Normalizing the Data (Python)
Visualizing Sales Trends Over Time (Tableau)
Analyzing Delivery Preferences (Independent Chi Square)
Analyzing Order Correlations (Market Basket Analysis)

EXTRACTING THE DATA

PROJECT: RESTAURANT POINT OF SALE ANALYSIS

GATHERING THE DATA

The point of sales data for each restaurant was housed locally on site at each restaurant. My first step was to visit the local branch to find out what it would take to export each system's information. While the software did have some export utilities, these were limited to exporting the contents of various built-in reports and did not give me access to the raw order-level data I needed. In the end, I went with a full database backup, which generated a copy of the entire Microsoft Access (.mdb) database that the system was built on.

FINDING A WORKAROUND

When I attempted to open the system backup directly in MS Access, I discovered that the file was in a protected format. This makes sense - if you could tap directly into database you could potentially manipulate your sales data. The POS system blocks access to prevent fraud.

But this meant that I needed to find a workaround if this was going to be a viable project. After some investigation, I found that you can open a .mdb file straight from Excel. Since a .mdb file contains many tables, Excel prompted me to choose which table to load...

...and then asked me how I wanted to load it.

This worked decently, and it allowed me to at least get started with poking around the data. But the load time was pretty long on some of the larger tables, and I was really getting more than I needed and in a pretty inefficient way.

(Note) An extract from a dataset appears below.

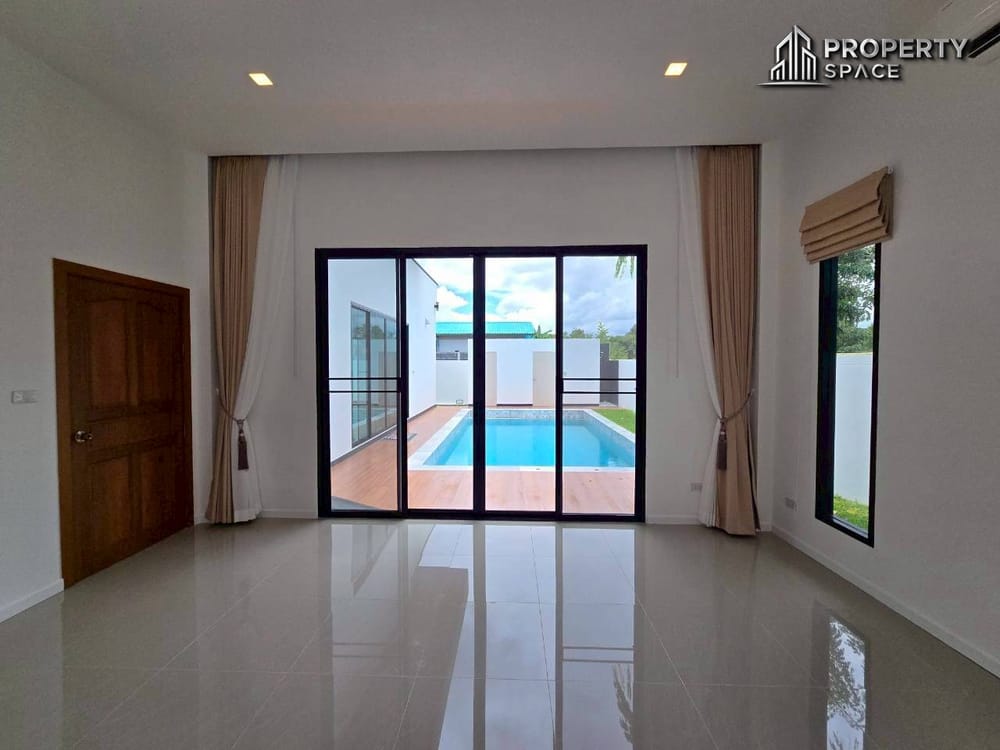 Modern 4 Bedroom Pool Villa In East Pattaya For Sale Image 9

STUMBLING ONTO A BETTER WAY

Sometime later I wanted to isolate some data to hone in on and I just happened to notice a tool under the "Data" tab in Excel called (appropriately) "Get Data." I gave it a click, and to my delight there was an option for importing from MS Access:

This brought me to a far more robust data import prompt. Now I could preview the first five records of any table, get a feel for what's inside, and even apply some data transformations during the extraction process.

TRANSFORMING THE DATA

I was rather impressed with Excel's suite of data transformation tools. I was able to identify which columns of data to keep and which to exclude from the import. It also identified the relational nature of the database and allowed me to perform some joins on connected fields.

The "Split Columns" option was particularly intriguing. For example, if I wanted to split the OrderDateTime column into two separate Date and Time fields, I could choose the "By Delimiter" option:

The space between the Date and Time suggested using the space character as the delimiter. Since there was another space between the numerical time and the AM/PM value, I chose to only split by the left-most delimiter and got exactly the result I was looking for, separation of Date and Time into two columns.

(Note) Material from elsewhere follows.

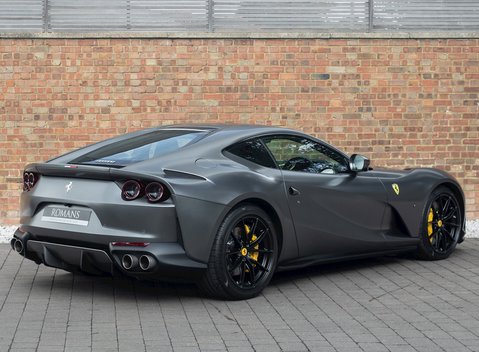 Ferrari 812 Superfast 7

Once all transformations were complete, "Close & Load" finished the job by loading the reshaped data into an Excel spreadsheet. Most of the 10 database backups I was working with had about 300,0000-500,000 rows which Excel was able to load successfully. From there I could save as a CSV to prepare the data for the more complex data transformations I would complete in Python.

NORMALIZING THE DATA

PROJECT: RESTAURANT POINT OF SALE ANALYSIS

THE CHALLENGE

The Point of Sale data for this project was gathered from 10 individual branches of the restaurant chain. While each share the same menu, the POS systems were not in sync with regard to the naming of the menu items (or their numeric ID’s). Before I could do any analyses, it was necessary to first normalize each dataset’s menu dictionary.

THE STRATEGY

It was clear that most of the restaurants’ databases were set up by copying the menu schema from another, which meant that there was a good amount of overlap in general. I used the original restaurant’s menu as the starting point and created from that a menukey table that would serve as the master menu dictionary.

I then compared each other restaurant’s menu dictionary against this master and recoded each menu item into a new variable using the following methodology:

For each item in that restaurant’s menu dictionary, check it against the menukey master dictionary.
If there is an exact match, keep that name.
If there is a unique close match, use that close match as the recoded name.
If there is no adequately close match, keep the name and add that to menukey as a new item to update the master menu dictionary.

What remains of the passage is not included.